WORK TASK -
Each line from the one holding "this 1200×800 image." through the final line of the data below is to be given again exactly, and no other line is to appear.

** RECORDS FOR PROCESSING follows **

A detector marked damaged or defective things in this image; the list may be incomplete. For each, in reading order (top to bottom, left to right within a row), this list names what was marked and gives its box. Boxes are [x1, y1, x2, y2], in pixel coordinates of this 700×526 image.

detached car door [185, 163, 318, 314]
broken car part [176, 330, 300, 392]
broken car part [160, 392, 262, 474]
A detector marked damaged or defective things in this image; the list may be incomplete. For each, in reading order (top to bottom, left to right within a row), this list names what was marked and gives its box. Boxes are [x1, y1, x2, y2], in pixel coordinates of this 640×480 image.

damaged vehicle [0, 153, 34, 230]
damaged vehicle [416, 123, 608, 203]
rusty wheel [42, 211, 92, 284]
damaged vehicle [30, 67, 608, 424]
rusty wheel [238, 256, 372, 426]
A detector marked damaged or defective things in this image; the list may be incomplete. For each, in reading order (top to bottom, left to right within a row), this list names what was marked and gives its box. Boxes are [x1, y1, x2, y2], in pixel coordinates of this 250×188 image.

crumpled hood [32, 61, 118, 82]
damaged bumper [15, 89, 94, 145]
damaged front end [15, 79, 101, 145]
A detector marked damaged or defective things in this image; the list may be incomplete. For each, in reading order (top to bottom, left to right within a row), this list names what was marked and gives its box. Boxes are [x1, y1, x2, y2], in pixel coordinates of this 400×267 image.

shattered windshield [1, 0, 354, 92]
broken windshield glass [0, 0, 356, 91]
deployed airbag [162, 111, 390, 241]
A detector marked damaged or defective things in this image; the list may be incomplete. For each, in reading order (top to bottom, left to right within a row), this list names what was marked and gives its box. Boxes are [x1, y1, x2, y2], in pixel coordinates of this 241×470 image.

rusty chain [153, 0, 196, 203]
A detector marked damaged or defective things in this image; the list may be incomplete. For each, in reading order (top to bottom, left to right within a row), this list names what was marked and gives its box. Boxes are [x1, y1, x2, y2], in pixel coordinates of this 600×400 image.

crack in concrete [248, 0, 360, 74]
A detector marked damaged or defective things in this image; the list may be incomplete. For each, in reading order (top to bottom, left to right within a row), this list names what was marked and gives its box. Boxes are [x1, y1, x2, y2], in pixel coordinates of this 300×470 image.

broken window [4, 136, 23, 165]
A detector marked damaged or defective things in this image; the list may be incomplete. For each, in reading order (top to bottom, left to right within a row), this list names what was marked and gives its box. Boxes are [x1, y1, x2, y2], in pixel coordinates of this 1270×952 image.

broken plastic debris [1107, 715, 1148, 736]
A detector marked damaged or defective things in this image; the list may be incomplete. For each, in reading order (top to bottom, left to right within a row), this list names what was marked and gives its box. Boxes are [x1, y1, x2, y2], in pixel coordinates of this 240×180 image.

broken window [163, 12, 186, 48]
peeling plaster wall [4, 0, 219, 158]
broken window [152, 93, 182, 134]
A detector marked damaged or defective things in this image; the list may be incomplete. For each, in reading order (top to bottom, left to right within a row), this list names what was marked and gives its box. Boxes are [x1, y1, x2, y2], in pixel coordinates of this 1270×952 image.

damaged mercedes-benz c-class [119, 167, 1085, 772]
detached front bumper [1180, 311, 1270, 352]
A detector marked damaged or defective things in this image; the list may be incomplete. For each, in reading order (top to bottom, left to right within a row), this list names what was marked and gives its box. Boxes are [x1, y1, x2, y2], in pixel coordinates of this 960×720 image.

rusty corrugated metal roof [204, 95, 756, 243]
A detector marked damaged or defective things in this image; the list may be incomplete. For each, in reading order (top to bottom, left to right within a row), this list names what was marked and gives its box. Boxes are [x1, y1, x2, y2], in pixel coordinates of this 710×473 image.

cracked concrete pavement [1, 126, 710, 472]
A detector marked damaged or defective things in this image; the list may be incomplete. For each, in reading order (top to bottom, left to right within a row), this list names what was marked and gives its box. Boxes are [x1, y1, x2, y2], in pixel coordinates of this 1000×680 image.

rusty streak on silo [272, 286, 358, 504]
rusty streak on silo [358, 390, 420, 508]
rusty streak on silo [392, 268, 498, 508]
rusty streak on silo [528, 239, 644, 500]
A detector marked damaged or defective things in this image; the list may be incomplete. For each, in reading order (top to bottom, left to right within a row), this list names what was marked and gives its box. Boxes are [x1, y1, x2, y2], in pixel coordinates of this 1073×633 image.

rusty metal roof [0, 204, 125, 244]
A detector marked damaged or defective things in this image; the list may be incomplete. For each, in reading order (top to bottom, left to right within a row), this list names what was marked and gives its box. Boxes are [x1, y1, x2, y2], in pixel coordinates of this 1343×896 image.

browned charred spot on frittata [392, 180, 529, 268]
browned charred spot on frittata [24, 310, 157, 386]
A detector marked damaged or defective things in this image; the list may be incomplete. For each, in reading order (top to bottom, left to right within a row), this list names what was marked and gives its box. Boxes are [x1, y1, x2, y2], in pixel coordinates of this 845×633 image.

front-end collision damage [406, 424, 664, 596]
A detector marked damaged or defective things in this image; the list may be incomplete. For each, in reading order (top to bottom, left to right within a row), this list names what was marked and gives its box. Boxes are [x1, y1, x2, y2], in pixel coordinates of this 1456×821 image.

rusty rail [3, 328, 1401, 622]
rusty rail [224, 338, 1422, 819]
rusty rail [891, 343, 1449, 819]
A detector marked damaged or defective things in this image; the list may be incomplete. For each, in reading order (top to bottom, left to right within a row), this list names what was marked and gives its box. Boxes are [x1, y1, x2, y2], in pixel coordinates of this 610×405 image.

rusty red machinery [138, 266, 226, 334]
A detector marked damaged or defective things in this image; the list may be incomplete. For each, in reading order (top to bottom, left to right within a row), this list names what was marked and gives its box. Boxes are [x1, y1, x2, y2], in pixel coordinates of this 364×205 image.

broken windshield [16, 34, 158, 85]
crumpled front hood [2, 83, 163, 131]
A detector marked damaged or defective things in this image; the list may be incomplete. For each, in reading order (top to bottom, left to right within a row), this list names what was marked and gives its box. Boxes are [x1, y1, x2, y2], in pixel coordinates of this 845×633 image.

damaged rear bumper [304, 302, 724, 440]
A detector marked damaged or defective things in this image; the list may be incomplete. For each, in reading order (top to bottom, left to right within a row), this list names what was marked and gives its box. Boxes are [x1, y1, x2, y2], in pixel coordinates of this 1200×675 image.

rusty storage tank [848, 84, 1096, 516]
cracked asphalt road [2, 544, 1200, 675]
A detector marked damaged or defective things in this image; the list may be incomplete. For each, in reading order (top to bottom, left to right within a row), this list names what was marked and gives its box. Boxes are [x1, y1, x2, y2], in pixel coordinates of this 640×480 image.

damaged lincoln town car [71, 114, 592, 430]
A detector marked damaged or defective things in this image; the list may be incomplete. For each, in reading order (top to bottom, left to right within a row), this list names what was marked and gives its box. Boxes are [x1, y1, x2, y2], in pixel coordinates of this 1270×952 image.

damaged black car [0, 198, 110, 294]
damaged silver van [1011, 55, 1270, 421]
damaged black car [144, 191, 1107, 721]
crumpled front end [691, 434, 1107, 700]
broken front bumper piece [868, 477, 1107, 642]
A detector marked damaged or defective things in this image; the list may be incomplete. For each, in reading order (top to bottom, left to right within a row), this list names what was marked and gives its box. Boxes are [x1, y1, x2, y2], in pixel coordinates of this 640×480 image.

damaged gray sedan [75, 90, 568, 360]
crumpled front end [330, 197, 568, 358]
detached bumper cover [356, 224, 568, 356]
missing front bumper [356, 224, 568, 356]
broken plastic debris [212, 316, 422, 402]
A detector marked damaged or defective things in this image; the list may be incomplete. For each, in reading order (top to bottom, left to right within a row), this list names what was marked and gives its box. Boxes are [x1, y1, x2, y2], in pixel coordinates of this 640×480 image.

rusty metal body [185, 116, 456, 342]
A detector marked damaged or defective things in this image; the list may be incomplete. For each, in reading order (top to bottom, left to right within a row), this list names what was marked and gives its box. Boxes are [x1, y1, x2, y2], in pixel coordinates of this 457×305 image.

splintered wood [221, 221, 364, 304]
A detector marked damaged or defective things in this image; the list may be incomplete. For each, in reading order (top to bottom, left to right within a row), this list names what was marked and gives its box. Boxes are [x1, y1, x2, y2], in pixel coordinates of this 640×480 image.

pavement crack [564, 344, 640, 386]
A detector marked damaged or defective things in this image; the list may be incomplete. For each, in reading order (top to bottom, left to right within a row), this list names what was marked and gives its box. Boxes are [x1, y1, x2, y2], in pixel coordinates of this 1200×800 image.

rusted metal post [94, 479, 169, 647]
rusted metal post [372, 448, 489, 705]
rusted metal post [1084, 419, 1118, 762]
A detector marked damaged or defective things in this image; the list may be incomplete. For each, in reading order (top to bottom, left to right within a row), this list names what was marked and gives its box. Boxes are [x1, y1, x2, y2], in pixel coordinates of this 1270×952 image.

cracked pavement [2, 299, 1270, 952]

** End of RECORDS FOR PROCESSING **

EXERCISE SOLUTION -
A detector marked damaged or defective things in this image; the list may be incomplete. For each, in reading order (top to bottom, left to right within a row), this list names what was marked and gives its box. Boxes are [x1, y1, x2, y2], in pixel coordinates of this 1200×800 image.

rusted metal post [94, 479, 169, 647]
rusted metal post [372, 448, 489, 705]
rusted metal post [1084, 419, 1118, 762]
A detector marked damaged or defective things in this image; the list may be incomplete. For each, in reading order (top to bottom, left to right within a row), this list names what was marked and gives its box. Boxes are [x1, y1, x2, y2], in pixel coordinates of this 1270×952 image.

cracked pavement [2, 299, 1270, 952]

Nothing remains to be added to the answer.